By default we assume that database file is read-only. If however some other process is writing to the db while this process is reading, you have to supply extra argument to open_ro(.., lock=True). You better not do that over network file system.

from odc import dscache

cache = dscache.open_ro("sample.db")

# access individual dataset: returns None if not found
ds = cache.get("005b0ab7-5454-4eef-829d-ed081135aefb")
if ds is not None:
    do_stuff_with(ds)

# stream all datasets
for ds in cache.get_all():
    do_stuff_with(ds)

For more details see notebook.

Groups

Group is a collection of datasets that are somehow related. It is essentially a simple index: a list of uuids stored under some name. For example we might want to group all datasets that overlap a certain Albers tile into a group with a name albers/{x}_{y}. One can query a list of all group names with .groups() method. One can add new group using .put_group(name, list_of_uuids).

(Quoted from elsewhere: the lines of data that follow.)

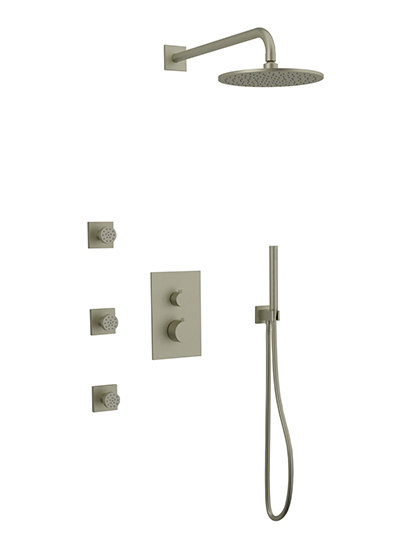 Brushed Nickel Multi-Head Square Wall Mounted Shower Set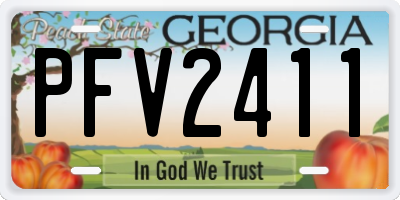 GA license plate PFV2411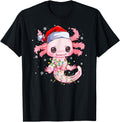 Axolotl Santa Hat Lights Japanese Anime Sweatshirt - Trendy Graphic Unisex - T-Shirt, Sweatshirt, Hoodie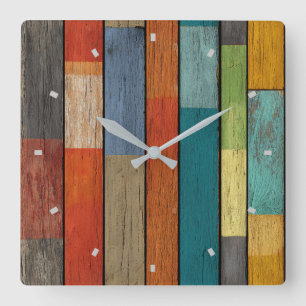Horloge murale en planches de bois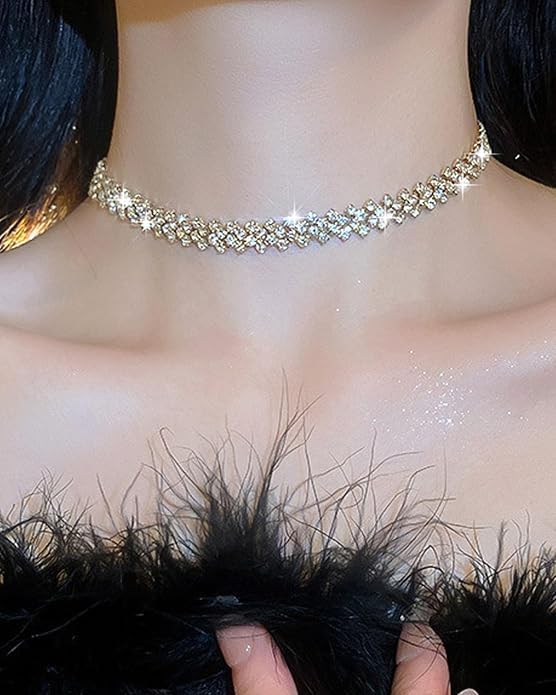 LUYANFX Choker Kette Damen Gold Halsreif Strass Kette Glitzer Schmuck Halskette Damen Gold Halsband Schmuck Necklace Goldene Trachtenkette für Alltag, Partys, Bälle, Hochzeiten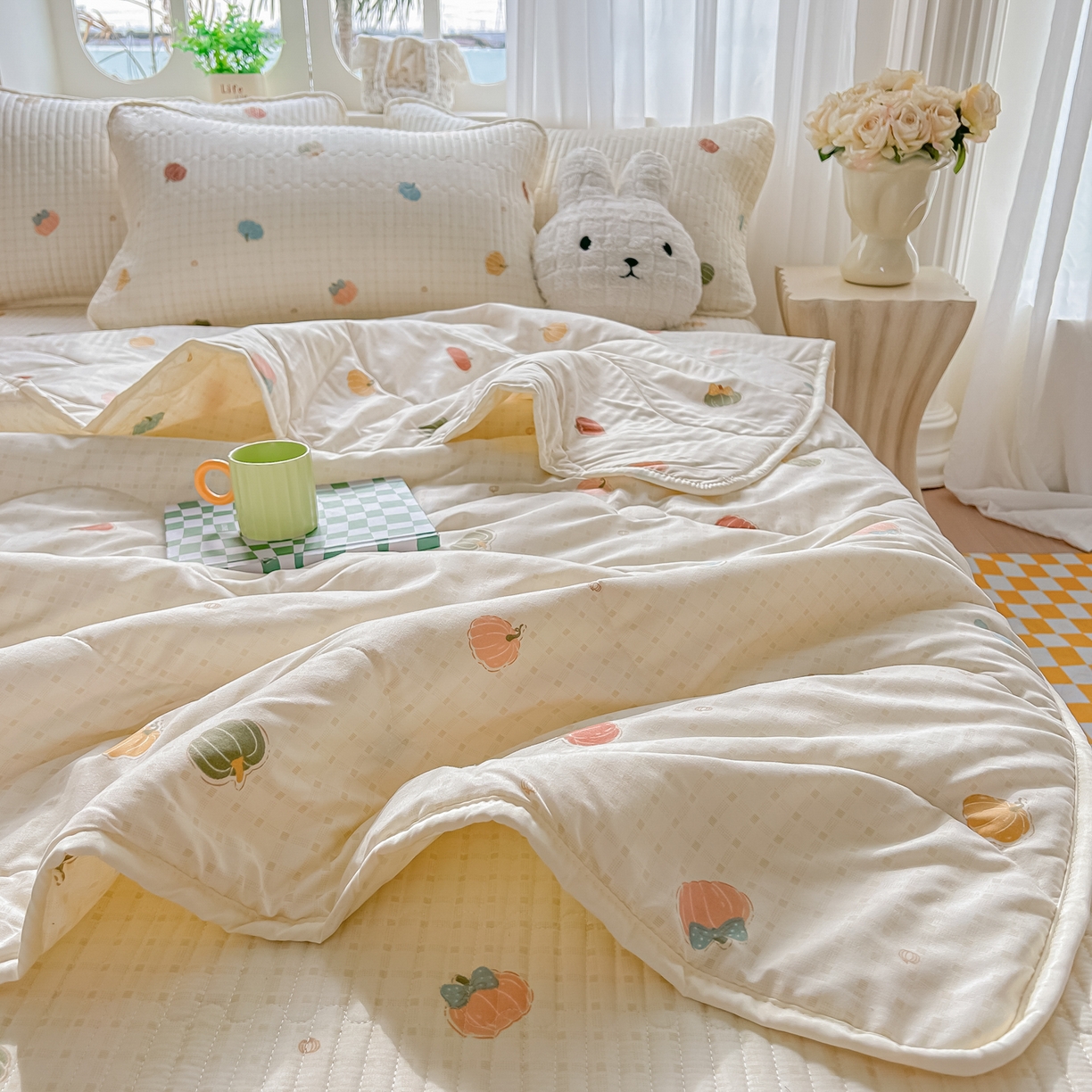 91家纺网 家纺一手货源 找家纺 慕澄家纺 2026新款小清新印花水洗棉床盖单品床盖床盖单件 彩色南瓜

To read all datasets that belong to a given group .stream_group(group_name) can be used.

  • Get list of group names and their population counts: .groups() -> List((name, count))
  • Get datasets for a given group: .stream_group(group_name) -> lazy sequence of Dataset objects
  • To get just uuids: .get_group(group_name) -> List[UUID]

There is a cli tool dstiler that can group datasets based on GridSpec

Usage: dstiler [OPTIONS] DBFILE

  Add spatial grouping to file db.

  Default grid is Australian Albers (EPSG:3577) with 100k by 100k tiles. But
  you can also group by Landsat path/row (--native), or Google's map tiling
  regime (--web zoom_level)

Options:
  --native         Use Landsat Path/Row as grouping
  --native-albers  When datasets are in Albers grid already
  --web INTEGER    Use web map tiling regime at supplied zoom level
  --help           Show this message and exit.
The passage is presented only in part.